#### ABOUT THIS TASK:
Repeat every record exactly as written, but leave out the pictures.

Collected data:
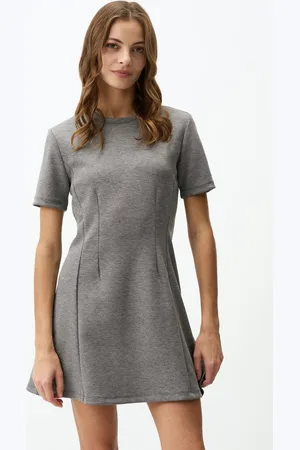 Jimmy Key Mini-Jurk Met Ronde Hals En Korte Mouwen, Gebreid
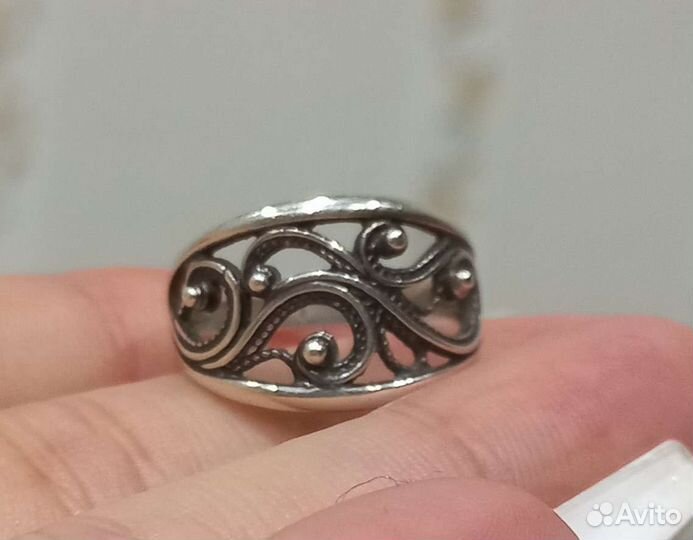Серебряное кольцо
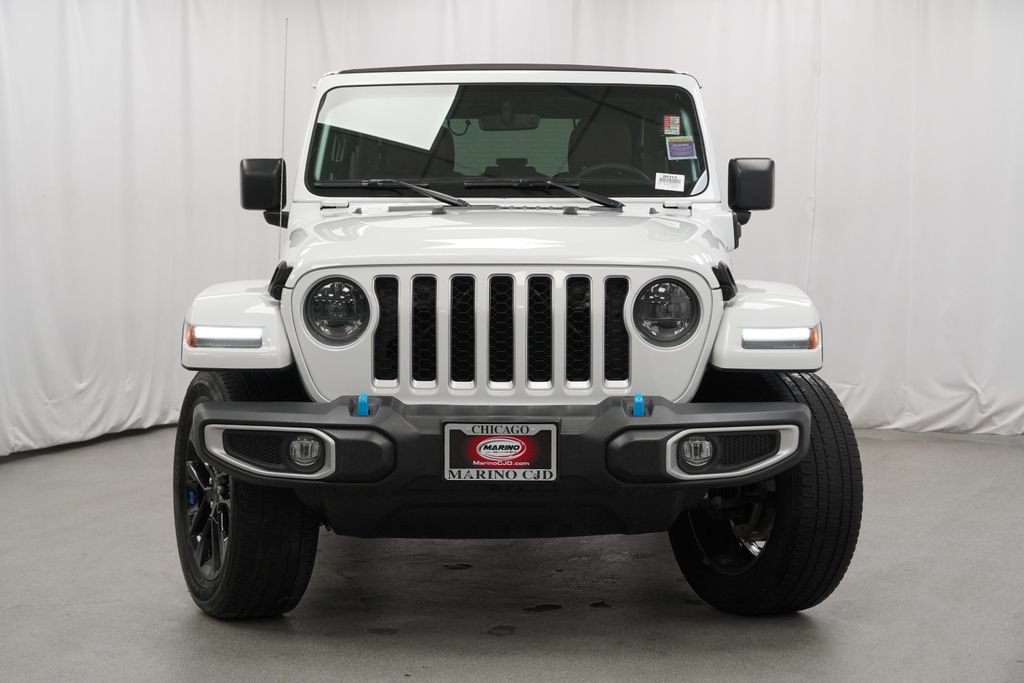 Used 2023 Jeep Wrangler Unlimited Sahara w/ Cold Weather Group AWD/4WD image 8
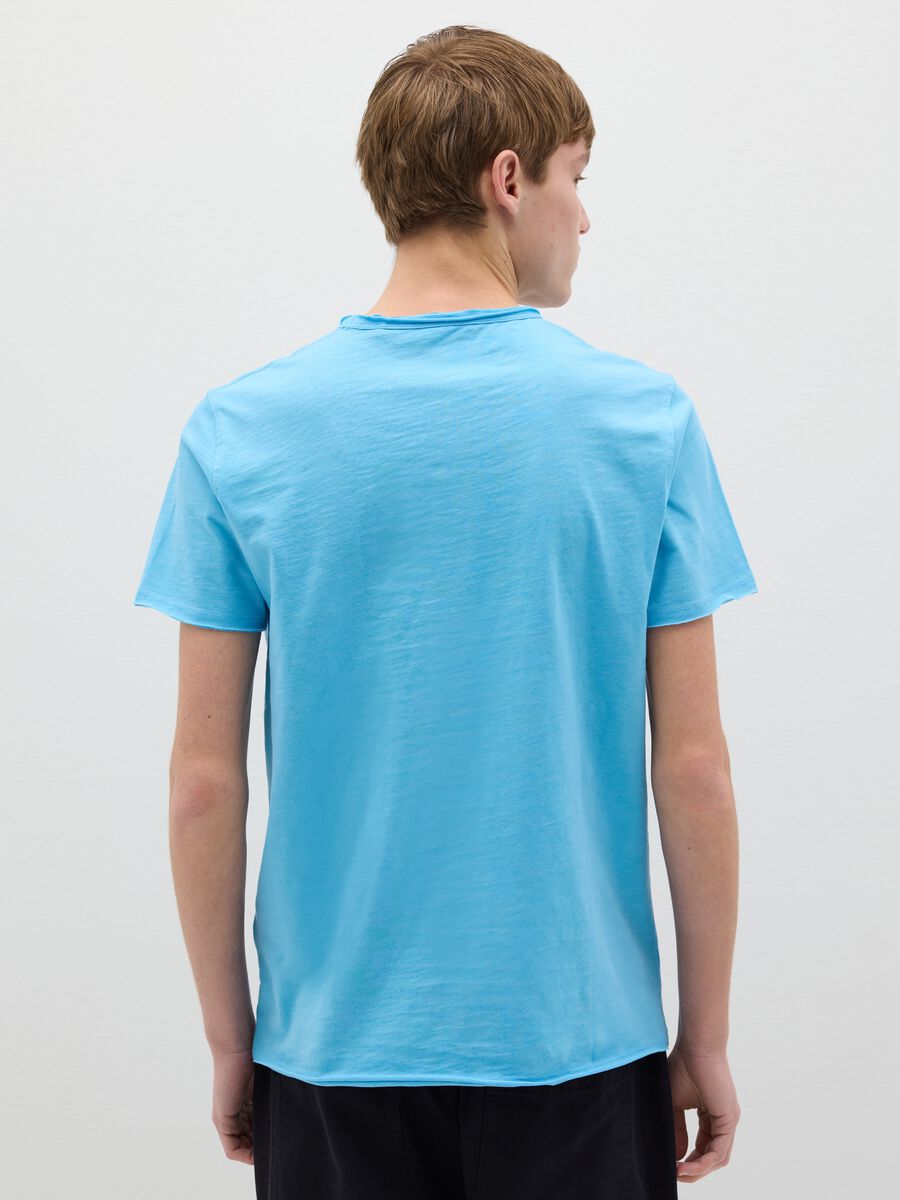 Cotton T-shirt with round neck_3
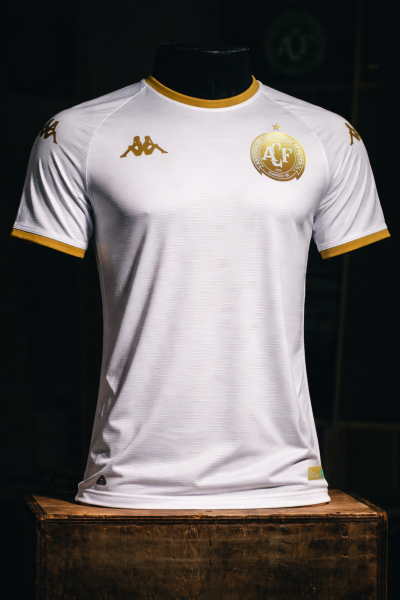 PR&Eacute;-VENDA Camisa Chapecoense II 2026 Away &ndash; Player Kombat &ndash; Branco/Dourado &ndash; Masculina
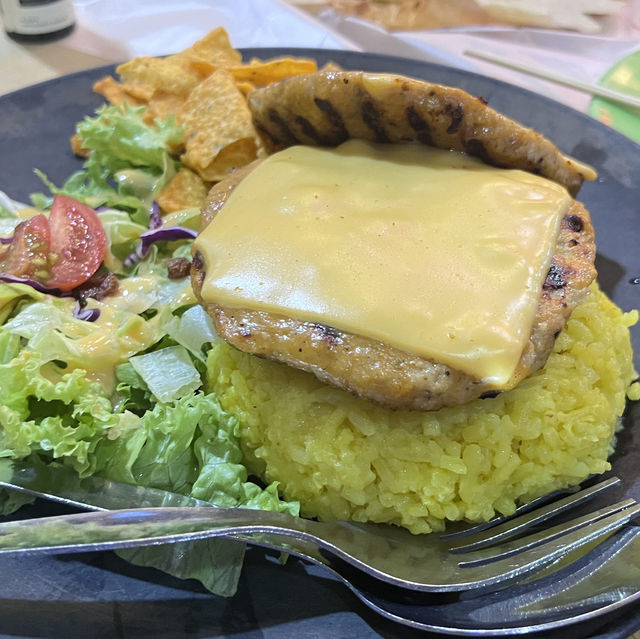 Popular food court in Penang with extensive of range local dishes 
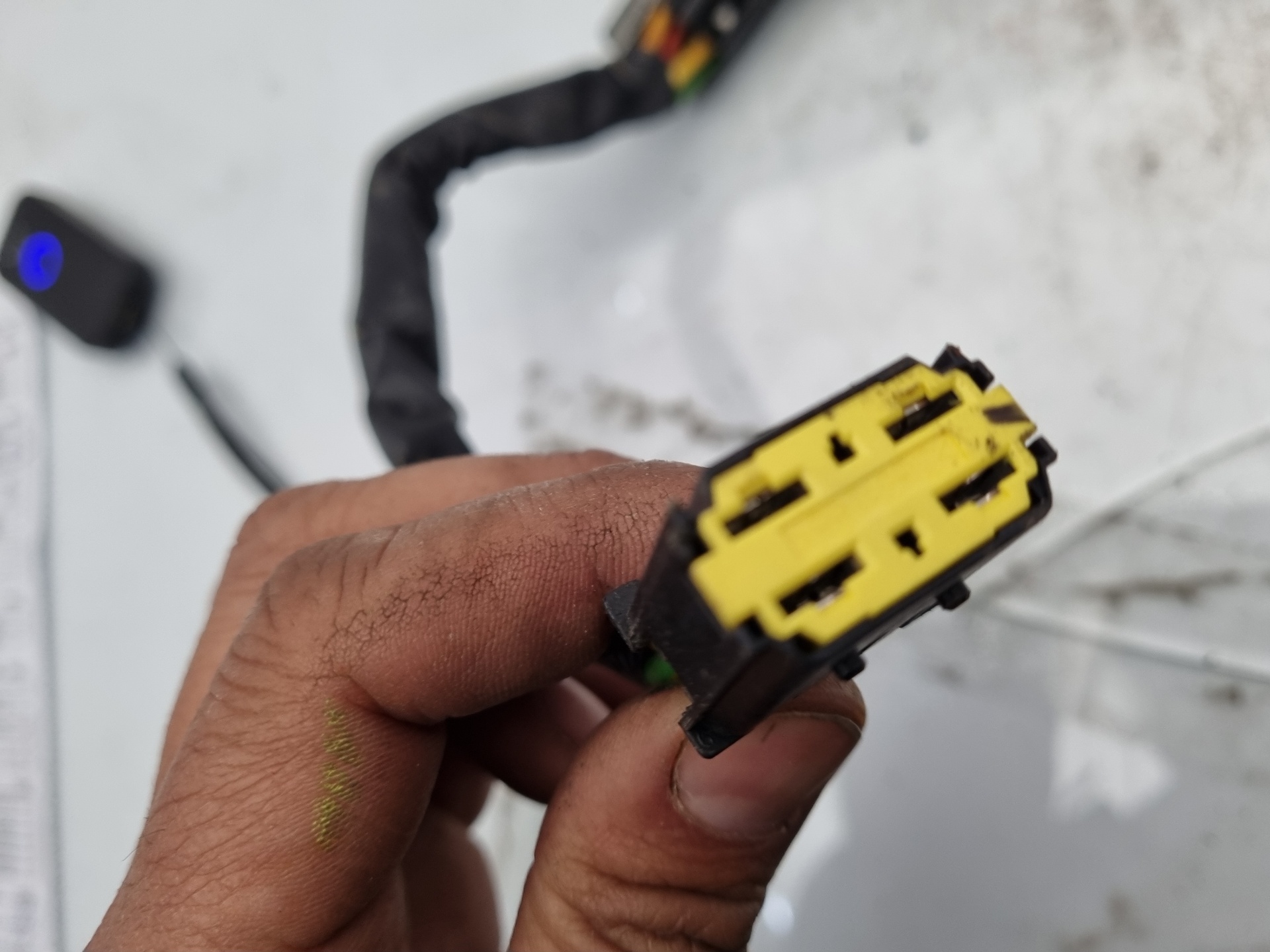 CONMUTADOR DE ARRANQUE DACIA SANDERO K9K E8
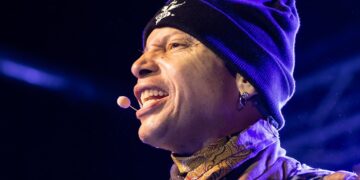 Sananda Maitreya rounds off first UK tour in 23 years in Brighton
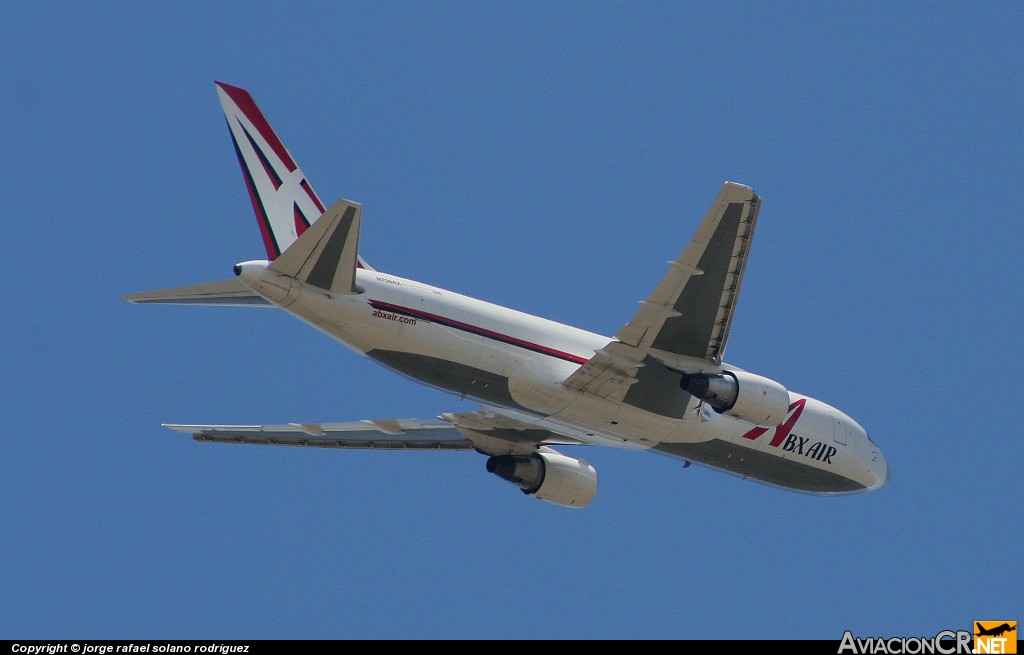 N750AX - Boeing 767-232/SF - ABX Air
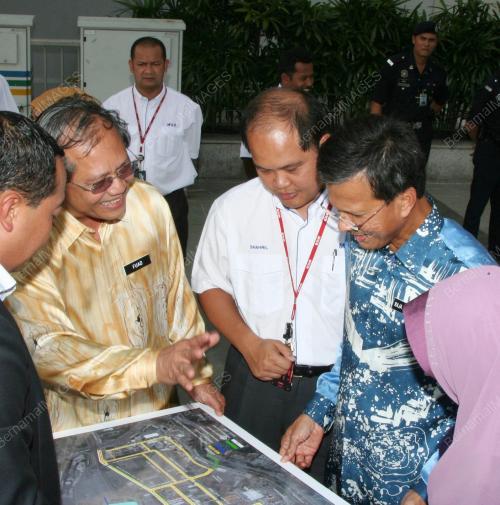 RAJA NONG CHIK RAJA ZAINAL ABIDIN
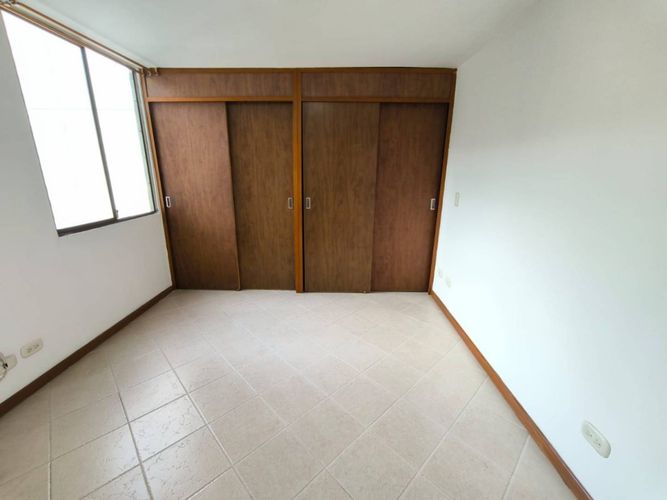 Apartamento de 3 alcobas en arriendo en Restrepo Naranjo, Sabaneta, 78 m² · foto 17 de 20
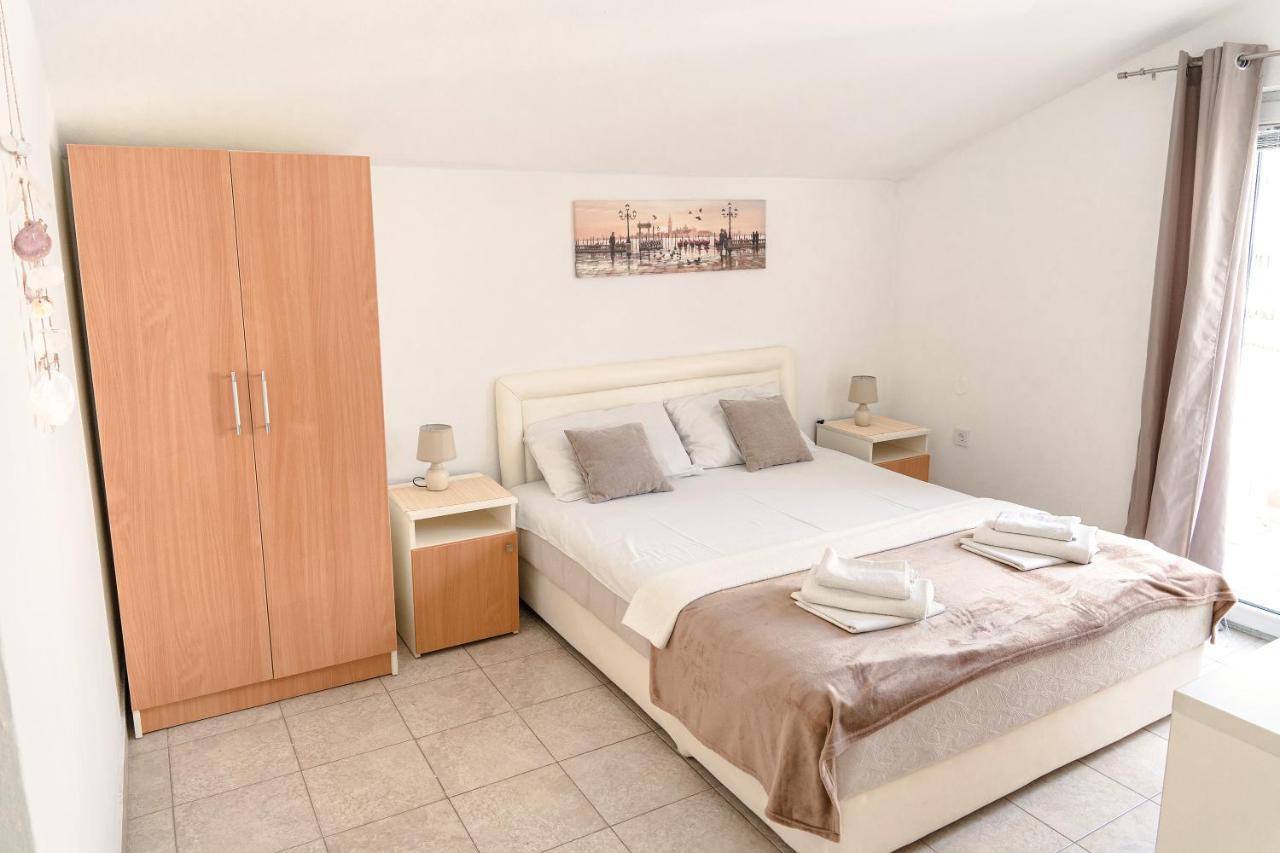 Guest House Jasna Budva Bagian luar foto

#### ANSWER BELOW:
 Jimmy Key Mini-Jurk Met Ronde Hals En Korte Mouwen, Gebreid
Серебряное кольцо
 Used 2023 Jeep Wrangler Unlimited Sahara w/ Cold Weather Group AWD/4WD image 8
 Cotton T-shirt with round neck_3
 PR&Eacute;-VENDA Camisa Chapecoense II 2026 Away &ndash; Player Kombat &ndash; Branco/Dourado &ndash; Masculina
 Popular food court in Penang with extensive of range local dishes 
 CONMUTADOR DE ARRANQUE DACIA SANDERO K9K E8
 Sananda Maitreya rounds off first UK tour in 23 years in Brighton
 N750AX - Boeing 767-232/SF - ABX Air
 RAJA NONG CHIK RAJA ZAINAL ABIDIN
 Apartamento de 3 alcobas en arriendo en Restrepo Naranjo, Sabaneta, 78 m² · foto 17 de 20
 Guest House Jasna Budva Bagian luar foto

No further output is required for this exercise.